今後新たに取り組みたいことをうかがった。
「カムカムスワローのような「嚥下障害のある人でも飲食ができる店」を、地域で増やしたいと思っています。」
すでに、美殿町にある「ナチュラルベース」、神田町にあるフランス料理の「BISTRONOMIE TKM」の2店舗が協力してくださり、予約をすれば提供できる状態まで進めているという。今後は、それ以外の店舗にも地域の枠で広げていきたいそうだ。
現在力を入れているのが旅行だ。食事の問題がクリアできれば、旅行にもいけるのではないかと考え、金沢にあるホテルの「香林居」(こうりんきょ)と、大学の先生に協力していただき、障がいのある方でも旅行にいける取り組みを始めている。
もともとの案は、近石医師の後輩の方が発案したもので、その案に近石医師も賛同した。去年の11月にトライアルという形式で第1回を開催。その際は、参加者を無料で招待したという。
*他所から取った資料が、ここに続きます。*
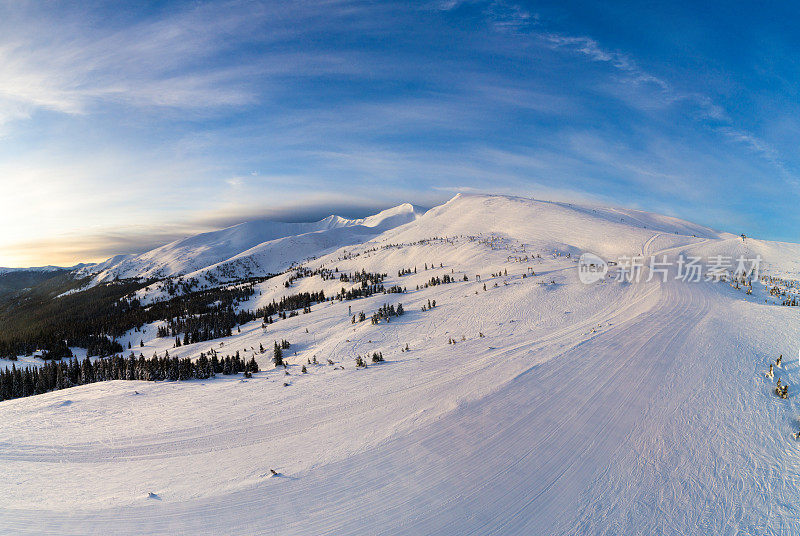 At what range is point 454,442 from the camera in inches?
211

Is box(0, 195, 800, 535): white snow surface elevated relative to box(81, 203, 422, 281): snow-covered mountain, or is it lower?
lower

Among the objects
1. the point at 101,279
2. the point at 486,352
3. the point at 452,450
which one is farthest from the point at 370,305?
the point at 101,279

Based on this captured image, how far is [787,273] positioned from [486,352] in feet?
81.1

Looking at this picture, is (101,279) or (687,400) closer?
(687,400)

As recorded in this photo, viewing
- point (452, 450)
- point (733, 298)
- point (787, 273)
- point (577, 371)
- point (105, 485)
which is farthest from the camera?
point (787, 273)

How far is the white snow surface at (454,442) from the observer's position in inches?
157

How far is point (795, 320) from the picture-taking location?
37.6 feet

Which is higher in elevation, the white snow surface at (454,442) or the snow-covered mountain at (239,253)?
the snow-covered mountain at (239,253)

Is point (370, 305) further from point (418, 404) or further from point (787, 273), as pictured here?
point (787, 273)

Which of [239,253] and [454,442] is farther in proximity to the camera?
[239,253]

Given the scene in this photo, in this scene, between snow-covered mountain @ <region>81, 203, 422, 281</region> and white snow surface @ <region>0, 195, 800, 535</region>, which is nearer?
white snow surface @ <region>0, 195, 800, 535</region>

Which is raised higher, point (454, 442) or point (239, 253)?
point (239, 253)

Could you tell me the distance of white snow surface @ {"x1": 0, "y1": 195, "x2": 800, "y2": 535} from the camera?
400cm

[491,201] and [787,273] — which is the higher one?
[491,201] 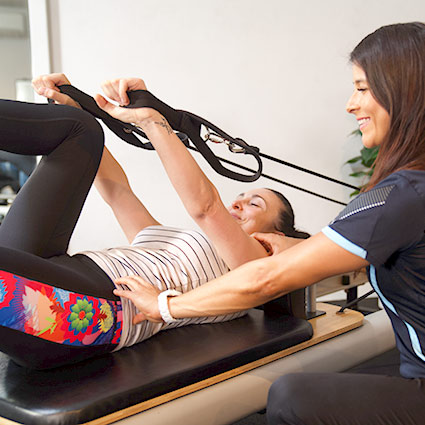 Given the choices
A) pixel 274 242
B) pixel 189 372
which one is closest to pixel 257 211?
pixel 274 242

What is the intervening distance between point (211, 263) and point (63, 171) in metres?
0.56

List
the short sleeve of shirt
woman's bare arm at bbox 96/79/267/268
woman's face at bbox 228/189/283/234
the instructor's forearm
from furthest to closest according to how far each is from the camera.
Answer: woman's face at bbox 228/189/283/234 → woman's bare arm at bbox 96/79/267/268 → the instructor's forearm → the short sleeve of shirt

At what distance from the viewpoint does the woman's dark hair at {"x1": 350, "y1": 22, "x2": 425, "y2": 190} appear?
1266 mm

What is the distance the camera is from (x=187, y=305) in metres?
1.44

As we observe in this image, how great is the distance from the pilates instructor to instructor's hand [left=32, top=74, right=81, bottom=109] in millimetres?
995


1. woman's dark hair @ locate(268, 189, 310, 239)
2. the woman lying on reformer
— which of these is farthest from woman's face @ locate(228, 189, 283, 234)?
the woman lying on reformer

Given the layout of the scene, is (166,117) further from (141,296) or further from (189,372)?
(189,372)

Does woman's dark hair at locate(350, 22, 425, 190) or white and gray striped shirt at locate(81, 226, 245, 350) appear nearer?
woman's dark hair at locate(350, 22, 425, 190)

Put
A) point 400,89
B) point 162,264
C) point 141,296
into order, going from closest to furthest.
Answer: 1. point 400,89
2. point 141,296
3. point 162,264

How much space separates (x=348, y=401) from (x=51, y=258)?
954 millimetres

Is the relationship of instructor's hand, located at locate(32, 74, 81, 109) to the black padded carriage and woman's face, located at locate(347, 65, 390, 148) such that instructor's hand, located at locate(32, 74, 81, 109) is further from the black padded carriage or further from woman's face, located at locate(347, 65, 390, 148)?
woman's face, located at locate(347, 65, 390, 148)

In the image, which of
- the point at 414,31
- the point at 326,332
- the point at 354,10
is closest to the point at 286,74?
the point at 354,10

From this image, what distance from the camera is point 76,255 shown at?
184cm

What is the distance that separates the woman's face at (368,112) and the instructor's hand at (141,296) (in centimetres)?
68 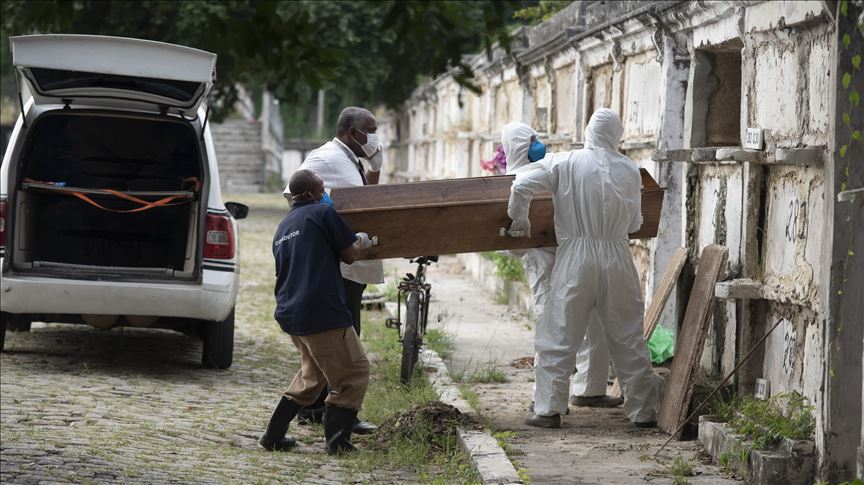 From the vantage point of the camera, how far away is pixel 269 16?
3.58 meters

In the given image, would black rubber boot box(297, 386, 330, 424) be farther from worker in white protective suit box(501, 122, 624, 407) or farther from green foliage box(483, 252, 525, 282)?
green foliage box(483, 252, 525, 282)

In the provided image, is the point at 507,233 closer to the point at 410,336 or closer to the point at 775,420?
the point at 410,336

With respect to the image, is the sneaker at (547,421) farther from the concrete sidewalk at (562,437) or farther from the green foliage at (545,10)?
the green foliage at (545,10)

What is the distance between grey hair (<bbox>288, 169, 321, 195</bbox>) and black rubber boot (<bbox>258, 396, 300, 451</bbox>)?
116cm

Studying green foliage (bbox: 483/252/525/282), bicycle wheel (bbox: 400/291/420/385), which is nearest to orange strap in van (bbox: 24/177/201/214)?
bicycle wheel (bbox: 400/291/420/385)

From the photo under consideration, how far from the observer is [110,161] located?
9.97 metres

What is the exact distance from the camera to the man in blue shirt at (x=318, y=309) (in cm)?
689

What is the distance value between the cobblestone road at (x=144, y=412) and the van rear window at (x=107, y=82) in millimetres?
2033

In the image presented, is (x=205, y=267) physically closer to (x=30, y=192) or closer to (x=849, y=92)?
(x=30, y=192)

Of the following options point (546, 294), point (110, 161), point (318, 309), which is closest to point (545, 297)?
point (546, 294)

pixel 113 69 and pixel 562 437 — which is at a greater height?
pixel 113 69

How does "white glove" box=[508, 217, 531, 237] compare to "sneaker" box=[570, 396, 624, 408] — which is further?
"sneaker" box=[570, 396, 624, 408]

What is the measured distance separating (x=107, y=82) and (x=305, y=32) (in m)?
5.38

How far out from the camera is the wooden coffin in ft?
25.3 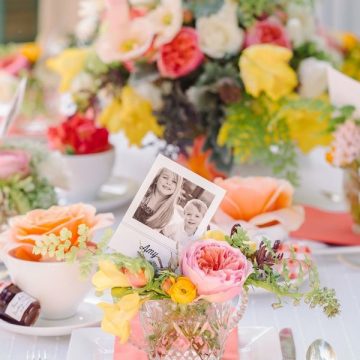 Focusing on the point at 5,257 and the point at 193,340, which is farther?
the point at 5,257

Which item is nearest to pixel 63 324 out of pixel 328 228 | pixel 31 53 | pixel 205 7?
pixel 328 228

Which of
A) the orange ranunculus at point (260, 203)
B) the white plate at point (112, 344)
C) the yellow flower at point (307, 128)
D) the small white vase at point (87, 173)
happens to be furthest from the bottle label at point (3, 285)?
the yellow flower at point (307, 128)

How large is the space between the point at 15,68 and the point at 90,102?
0.52 metres

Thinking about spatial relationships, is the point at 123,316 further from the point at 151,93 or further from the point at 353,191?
the point at 151,93

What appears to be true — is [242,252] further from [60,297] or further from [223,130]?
[223,130]

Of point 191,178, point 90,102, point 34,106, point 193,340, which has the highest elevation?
point 191,178

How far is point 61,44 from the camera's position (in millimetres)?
2084

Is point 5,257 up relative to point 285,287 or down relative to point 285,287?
down

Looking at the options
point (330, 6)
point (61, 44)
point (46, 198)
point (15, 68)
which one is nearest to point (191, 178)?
point (46, 198)

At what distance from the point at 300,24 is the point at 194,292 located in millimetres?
1015

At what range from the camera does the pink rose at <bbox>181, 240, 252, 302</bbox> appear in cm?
82

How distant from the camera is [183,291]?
82 cm

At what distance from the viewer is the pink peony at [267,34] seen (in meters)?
1.63

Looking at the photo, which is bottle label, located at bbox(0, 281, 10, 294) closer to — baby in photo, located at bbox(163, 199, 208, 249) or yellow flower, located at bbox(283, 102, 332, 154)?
baby in photo, located at bbox(163, 199, 208, 249) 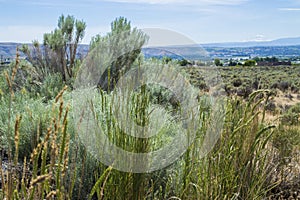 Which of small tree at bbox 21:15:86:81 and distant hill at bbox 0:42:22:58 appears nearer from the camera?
distant hill at bbox 0:42:22:58

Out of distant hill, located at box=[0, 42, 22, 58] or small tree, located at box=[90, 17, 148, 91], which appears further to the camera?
small tree, located at box=[90, 17, 148, 91]

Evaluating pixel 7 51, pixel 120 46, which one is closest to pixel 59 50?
pixel 120 46

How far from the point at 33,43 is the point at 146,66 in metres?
2.88

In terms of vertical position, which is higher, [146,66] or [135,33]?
[135,33]

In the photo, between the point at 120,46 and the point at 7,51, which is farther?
the point at 120,46

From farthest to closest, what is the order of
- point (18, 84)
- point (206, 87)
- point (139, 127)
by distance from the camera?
1. point (18, 84)
2. point (206, 87)
3. point (139, 127)

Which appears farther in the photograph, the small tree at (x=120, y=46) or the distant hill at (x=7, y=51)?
the small tree at (x=120, y=46)

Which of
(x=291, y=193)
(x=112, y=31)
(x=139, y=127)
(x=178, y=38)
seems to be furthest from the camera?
(x=112, y=31)

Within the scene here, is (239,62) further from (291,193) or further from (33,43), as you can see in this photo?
(291,193)

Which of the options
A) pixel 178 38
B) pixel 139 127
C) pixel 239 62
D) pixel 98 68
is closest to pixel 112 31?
pixel 98 68

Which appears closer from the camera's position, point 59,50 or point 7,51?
point 7,51

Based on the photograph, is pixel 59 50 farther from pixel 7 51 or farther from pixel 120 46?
pixel 7 51

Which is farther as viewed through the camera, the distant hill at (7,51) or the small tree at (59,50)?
the small tree at (59,50)

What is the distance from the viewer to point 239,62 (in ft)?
168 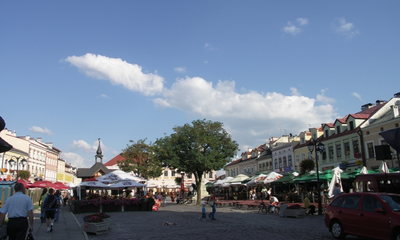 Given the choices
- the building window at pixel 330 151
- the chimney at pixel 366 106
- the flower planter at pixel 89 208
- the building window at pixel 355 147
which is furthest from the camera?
the chimney at pixel 366 106

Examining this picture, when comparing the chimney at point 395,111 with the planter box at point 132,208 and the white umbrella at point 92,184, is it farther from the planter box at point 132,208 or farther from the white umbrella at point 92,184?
the white umbrella at point 92,184

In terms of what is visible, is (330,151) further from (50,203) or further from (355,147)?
(50,203)

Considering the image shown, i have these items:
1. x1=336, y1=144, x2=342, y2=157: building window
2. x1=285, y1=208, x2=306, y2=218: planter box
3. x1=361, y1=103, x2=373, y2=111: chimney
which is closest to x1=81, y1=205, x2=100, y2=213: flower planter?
x1=285, y1=208, x2=306, y2=218: planter box

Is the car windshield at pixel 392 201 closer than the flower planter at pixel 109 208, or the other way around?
the car windshield at pixel 392 201

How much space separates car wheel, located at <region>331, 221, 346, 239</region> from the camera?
34.2 ft

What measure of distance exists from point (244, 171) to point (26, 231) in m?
61.5

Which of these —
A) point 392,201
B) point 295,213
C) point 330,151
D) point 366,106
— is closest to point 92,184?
point 295,213

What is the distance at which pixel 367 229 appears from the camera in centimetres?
948

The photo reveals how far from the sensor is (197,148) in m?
32.2

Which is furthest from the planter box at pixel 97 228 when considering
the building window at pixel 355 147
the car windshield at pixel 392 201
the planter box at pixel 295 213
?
the building window at pixel 355 147

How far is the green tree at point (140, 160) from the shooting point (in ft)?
160

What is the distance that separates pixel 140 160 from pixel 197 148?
19693 mm

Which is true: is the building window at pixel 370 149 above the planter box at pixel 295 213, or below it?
above

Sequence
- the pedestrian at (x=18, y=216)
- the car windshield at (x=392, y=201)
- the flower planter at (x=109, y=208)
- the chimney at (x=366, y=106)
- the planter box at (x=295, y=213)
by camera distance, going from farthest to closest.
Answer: the chimney at (x=366, y=106) → the flower planter at (x=109, y=208) → the planter box at (x=295, y=213) → the car windshield at (x=392, y=201) → the pedestrian at (x=18, y=216) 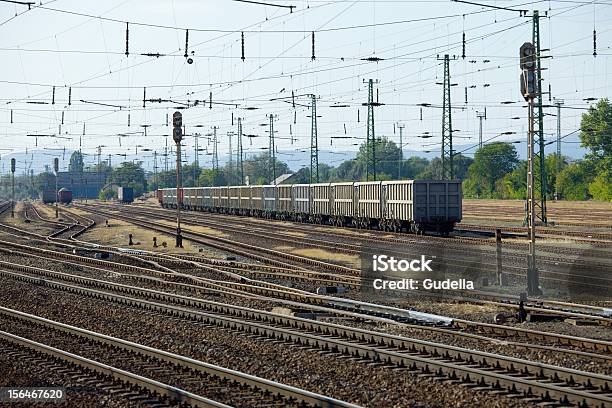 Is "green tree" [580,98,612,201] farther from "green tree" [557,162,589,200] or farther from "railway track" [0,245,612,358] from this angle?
"railway track" [0,245,612,358]

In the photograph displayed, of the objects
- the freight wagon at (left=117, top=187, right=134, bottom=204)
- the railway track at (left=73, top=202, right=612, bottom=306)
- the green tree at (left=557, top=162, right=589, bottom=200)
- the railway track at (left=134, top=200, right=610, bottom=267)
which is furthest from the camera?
the freight wagon at (left=117, top=187, right=134, bottom=204)

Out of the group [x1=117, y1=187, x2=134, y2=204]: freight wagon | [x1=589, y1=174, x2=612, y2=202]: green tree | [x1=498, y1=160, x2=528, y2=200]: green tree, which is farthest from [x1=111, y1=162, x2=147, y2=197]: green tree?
[x1=589, y1=174, x2=612, y2=202]: green tree

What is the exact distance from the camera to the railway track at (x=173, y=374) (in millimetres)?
11523

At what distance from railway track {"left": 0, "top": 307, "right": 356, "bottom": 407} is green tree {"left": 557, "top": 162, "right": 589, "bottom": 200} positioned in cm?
10030

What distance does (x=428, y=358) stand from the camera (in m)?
14.0

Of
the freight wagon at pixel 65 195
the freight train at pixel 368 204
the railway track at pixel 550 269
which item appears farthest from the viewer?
the freight wagon at pixel 65 195

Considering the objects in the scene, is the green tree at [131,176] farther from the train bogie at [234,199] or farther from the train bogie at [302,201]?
the train bogie at [302,201]

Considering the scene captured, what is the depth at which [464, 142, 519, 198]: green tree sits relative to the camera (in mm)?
136000

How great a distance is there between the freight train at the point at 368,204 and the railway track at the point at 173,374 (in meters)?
29.1

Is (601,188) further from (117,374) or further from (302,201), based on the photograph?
(117,374)

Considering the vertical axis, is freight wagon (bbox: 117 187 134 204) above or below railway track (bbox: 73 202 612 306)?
above

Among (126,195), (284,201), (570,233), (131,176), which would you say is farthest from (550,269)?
(131,176)

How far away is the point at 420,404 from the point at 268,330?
606 centimetres

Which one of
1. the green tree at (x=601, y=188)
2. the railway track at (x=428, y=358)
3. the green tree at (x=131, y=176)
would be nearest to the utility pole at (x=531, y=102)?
the railway track at (x=428, y=358) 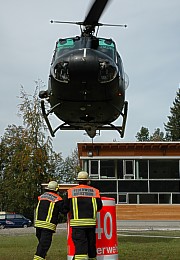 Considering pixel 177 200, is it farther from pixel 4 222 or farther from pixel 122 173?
pixel 4 222

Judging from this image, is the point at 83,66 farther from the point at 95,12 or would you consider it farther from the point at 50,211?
the point at 50,211

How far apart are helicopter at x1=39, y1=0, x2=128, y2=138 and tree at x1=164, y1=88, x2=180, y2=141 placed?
82324 mm

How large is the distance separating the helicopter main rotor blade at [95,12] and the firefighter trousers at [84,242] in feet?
15.0

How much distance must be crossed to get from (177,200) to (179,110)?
198ft

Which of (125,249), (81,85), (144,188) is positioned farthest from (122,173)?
(81,85)

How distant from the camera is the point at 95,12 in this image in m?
11.7

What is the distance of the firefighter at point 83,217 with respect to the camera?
977cm

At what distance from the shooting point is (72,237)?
9.95 metres

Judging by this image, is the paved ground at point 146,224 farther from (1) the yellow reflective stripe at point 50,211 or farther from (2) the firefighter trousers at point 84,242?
(2) the firefighter trousers at point 84,242

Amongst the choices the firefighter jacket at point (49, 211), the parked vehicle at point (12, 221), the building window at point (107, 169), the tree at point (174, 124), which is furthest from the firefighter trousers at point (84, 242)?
the tree at point (174, 124)

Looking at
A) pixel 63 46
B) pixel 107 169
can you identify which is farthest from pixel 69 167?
pixel 63 46

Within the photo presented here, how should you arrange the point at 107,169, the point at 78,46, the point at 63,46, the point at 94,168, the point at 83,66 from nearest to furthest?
the point at 83,66 → the point at 78,46 → the point at 63,46 → the point at 94,168 → the point at 107,169

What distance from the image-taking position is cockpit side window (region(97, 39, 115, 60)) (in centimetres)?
1393

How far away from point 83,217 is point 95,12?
15.5 feet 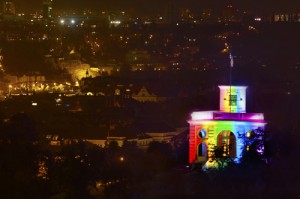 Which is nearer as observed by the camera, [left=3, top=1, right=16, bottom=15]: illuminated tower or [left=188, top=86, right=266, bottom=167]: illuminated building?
[left=188, top=86, right=266, bottom=167]: illuminated building

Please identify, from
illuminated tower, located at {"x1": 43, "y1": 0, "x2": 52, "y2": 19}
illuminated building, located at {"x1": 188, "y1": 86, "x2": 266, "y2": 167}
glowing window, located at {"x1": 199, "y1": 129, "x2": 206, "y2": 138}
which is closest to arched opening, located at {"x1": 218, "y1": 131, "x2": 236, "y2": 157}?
illuminated building, located at {"x1": 188, "y1": 86, "x2": 266, "y2": 167}

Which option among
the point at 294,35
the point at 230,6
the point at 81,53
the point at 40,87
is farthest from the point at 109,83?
the point at 230,6

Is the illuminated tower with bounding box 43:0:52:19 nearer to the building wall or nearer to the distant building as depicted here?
the distant building

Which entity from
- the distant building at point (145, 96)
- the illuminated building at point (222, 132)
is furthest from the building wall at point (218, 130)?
the distant building at point (145, 96)

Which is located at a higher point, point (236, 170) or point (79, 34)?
point (79, 34)

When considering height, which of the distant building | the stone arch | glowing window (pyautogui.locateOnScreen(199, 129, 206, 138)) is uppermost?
the distant building

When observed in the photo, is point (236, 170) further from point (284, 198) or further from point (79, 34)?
point (79, 34)

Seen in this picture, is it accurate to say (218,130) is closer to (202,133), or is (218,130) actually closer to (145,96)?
(202,133)

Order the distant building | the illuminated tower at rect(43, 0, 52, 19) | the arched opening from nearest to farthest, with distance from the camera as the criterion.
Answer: the arched opening, the distant building, the illuminated tower at rect(43, 0, 52, 19)

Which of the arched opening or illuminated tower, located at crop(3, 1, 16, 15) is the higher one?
illuminated tower, located at crop(3, 1, 16, 15)

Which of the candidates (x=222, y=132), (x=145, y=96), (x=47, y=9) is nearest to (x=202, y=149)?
(x=222, y=132) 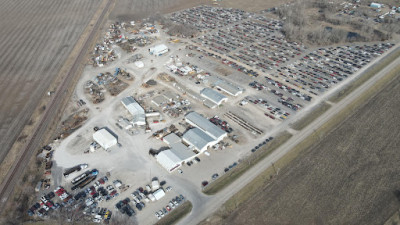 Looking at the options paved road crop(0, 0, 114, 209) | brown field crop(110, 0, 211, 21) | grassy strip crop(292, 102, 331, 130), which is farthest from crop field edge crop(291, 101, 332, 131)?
brown field crop(110, 0, 211, 21)

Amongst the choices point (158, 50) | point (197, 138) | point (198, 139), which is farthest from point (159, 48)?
point (198, 139)

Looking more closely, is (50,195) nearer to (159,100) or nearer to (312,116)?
(159,100)

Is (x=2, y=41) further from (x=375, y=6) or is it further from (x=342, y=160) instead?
(x=375, y=6)

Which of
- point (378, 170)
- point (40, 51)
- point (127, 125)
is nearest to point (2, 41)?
point (40, 51)

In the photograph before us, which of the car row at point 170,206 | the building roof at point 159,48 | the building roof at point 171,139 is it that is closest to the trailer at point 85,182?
the car row at point 170,206

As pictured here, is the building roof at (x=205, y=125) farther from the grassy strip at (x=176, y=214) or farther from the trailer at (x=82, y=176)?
the trailer at (x=82, y=176)

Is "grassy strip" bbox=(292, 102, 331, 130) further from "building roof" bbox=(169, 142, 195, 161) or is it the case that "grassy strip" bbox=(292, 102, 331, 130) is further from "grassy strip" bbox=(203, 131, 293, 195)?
"building roof" bbox=(169, 142, 195, 161) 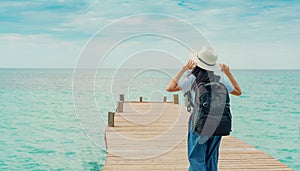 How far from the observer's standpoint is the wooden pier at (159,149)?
595cm

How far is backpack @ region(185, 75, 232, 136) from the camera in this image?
383 cm

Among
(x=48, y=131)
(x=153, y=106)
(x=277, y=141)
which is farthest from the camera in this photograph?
(x=48, y=131)

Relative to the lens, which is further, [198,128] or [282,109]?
[282,109]

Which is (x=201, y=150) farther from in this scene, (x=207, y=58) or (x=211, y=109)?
(x=207, y=58)

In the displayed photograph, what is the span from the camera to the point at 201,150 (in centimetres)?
422

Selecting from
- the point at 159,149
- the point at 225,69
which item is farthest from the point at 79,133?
the point at 225,69

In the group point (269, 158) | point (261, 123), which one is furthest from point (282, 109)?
point (269, 158)

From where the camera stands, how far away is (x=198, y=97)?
3854 millimetres

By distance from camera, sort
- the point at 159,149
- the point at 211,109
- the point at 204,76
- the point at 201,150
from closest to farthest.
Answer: the point at 211,109
the point at 204,76
the point at 201,150
the point at 159,149

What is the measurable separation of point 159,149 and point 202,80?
138 inches

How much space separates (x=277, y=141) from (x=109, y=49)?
1831 centimetres

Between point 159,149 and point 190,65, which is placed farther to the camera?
point 159,149

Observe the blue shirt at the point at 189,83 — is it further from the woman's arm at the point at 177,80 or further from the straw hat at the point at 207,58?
the straw hat at the point at 207,58

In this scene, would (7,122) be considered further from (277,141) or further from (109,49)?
(109,49) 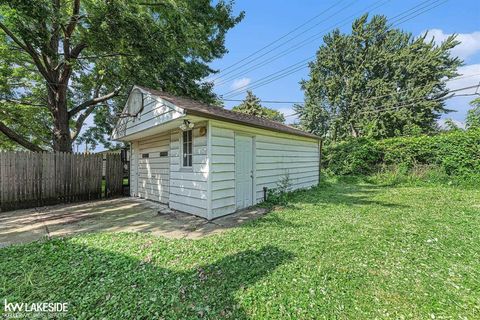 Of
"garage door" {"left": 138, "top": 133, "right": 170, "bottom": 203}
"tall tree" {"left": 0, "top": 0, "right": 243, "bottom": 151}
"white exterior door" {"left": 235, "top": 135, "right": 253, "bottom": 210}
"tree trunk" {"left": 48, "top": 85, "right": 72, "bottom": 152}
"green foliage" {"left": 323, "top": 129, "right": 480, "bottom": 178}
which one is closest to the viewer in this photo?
"white exterior door" {"left": 235, "top": 135, "right": 253, "bottom": 210}

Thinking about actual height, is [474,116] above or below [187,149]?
above

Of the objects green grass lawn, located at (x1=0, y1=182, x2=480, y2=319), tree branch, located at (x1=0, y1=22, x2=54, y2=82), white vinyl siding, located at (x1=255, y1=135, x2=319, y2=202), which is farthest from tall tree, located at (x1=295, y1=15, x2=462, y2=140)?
tree branch, located at (x1=0, y1=22, x2=54, y2=82)

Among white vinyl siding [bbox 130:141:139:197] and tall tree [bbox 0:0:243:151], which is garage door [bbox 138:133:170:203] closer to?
white vinyl siding [bbox 130:141:139:197]

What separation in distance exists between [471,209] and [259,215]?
17.0ft

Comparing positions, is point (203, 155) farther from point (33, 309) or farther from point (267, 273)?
point (33, 309)

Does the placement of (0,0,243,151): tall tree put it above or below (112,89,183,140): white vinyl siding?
above

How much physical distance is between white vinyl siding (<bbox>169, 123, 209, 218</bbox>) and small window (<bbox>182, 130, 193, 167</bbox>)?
119 mm

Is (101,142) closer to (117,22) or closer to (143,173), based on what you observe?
(143,173)

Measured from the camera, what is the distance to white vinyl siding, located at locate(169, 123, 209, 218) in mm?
5156

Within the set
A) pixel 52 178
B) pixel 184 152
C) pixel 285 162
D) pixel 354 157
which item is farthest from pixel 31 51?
pixel 354 157

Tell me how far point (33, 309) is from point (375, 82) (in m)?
25.1

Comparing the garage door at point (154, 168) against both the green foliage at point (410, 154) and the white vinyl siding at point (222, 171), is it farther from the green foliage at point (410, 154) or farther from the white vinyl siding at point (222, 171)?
the green foliage at point (410, 154)

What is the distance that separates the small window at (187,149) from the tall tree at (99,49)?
3.94 m

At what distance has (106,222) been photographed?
17.1ft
このような取り組みを聞くと、一病院が行う取り組みとしては範疇を越えたものとさえ感じる。なぜそこまで行うのかを近石医師に迫った。
「健康を医療だけの視点で考えると、限られた側面でしか見れないと思うんです。「食べる」を医療だけで見ると、単なる「栄養確保」になるので、食べるストーリーや背景が見えづらく、結果的に医療だけでは健康全体を追うことができないんです。「食べる」という事でいうと、医療従事者以外の方も巻き込むことで、健康につながっていくと思っています。健康って、体の健康だけじゃなくて、精神的な健康もありますから。」
「食」の重要性を目の当たりにして歯科医師になられた経験があるからこそ、広い視野と知見をもたれている。
近石医師は、「上善如水」(じょうぜんみずのごとし)という四字熟語が好きで座右の銘にされているそうだ。
「水はみんなにとって必要なもので、ときに洪水のような力強いものであったり、ゆるやかな川の流れであったり、そのときどきで臨機応変に対応できる欠かせないものです。私は、水のように臨機応変に対応ができたらいいと思っています。」
良い意味で病院や医師の枠にとらわれず、時流に合わせて取り組む姿勢が、まさに座右の銘を好む理由そのものだ。頭でっかちではなく、いろいろな人と話すことが大事だと話してくれた。
「近石先生と真逆ですが、私は「継続は力なり」です。コツコツ続けることが大切だと考えています。」
そう語るのは、縁の下の力持ちである蛭牟田さんの座右の銘。
臨機応変に対応しながら、コツコツ継続する。近石先生と蛭牟田さんの唯一無二のチームワークで、岐阜を起点に「食べる」を通じて健康につなげてほしい。
人生100年時代の今、健康は誰にとっても重要だ。まずはカムカムスワローへ行って、モーニングを楽しんでみてはどうだろうか?